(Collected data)
☆ ☆ ☆ ☆ ☆ ☆ ☆

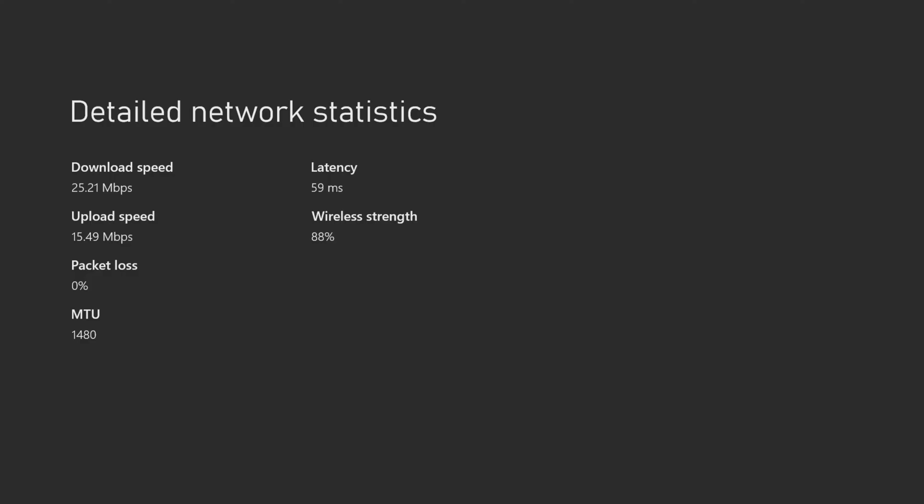As you can see, we are getting about 25 Mbps of download speed. The router was placed about 20 feet away.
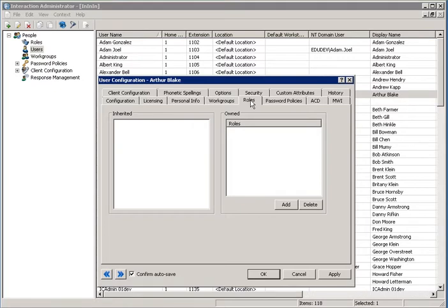Within the Roles tab on a user, you would see on the left side in the Inherited window any roles that they had inherited through other settings.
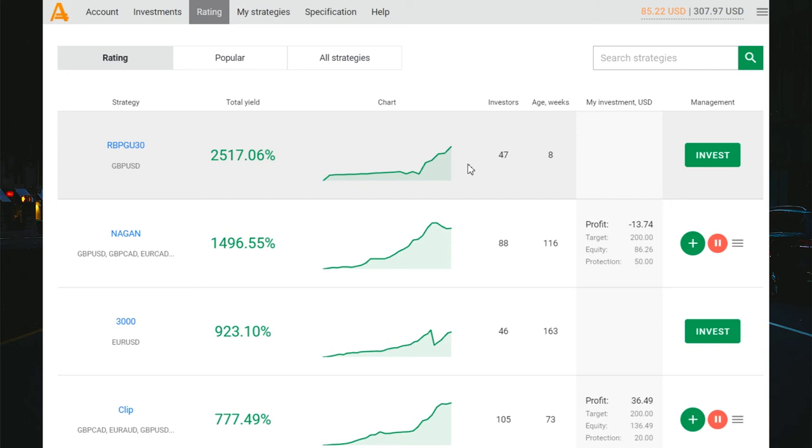Hello guys, welcome to the channel. Today I will continue to update my investment results with the A Markets broker. You see the rating with A Markets and you see my results.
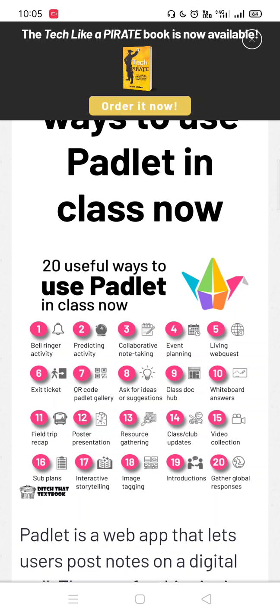Resource gathering, class club updates, video collection, sub plans, interactive storytelling, image tagging, introduction, and gather global responses.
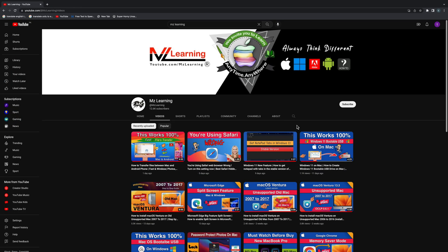If you want to know more about Terminal and macOS, then please subscribe to our MZ Learning YouTube channel. Have a nice day!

☆ ☆ ☆ ☆ ☆ ☆ ☆

* **Description of the task**:
All lines above from the one containing "Hello guys, welcome" up to and including the one containing "Resource gathering, class" are to be set down exactly, and nothing else. Leave images out.

* **Output of the exercise**:
Hello guys, welcome to the channel. Today I will continue to update my investment results with the A Markets broker. You see the rating with A Markets and you see my results.
Resource gathering, class club updates, video collection, sub plans, interactive storytelling, image tagging, introduction, and gather global responses.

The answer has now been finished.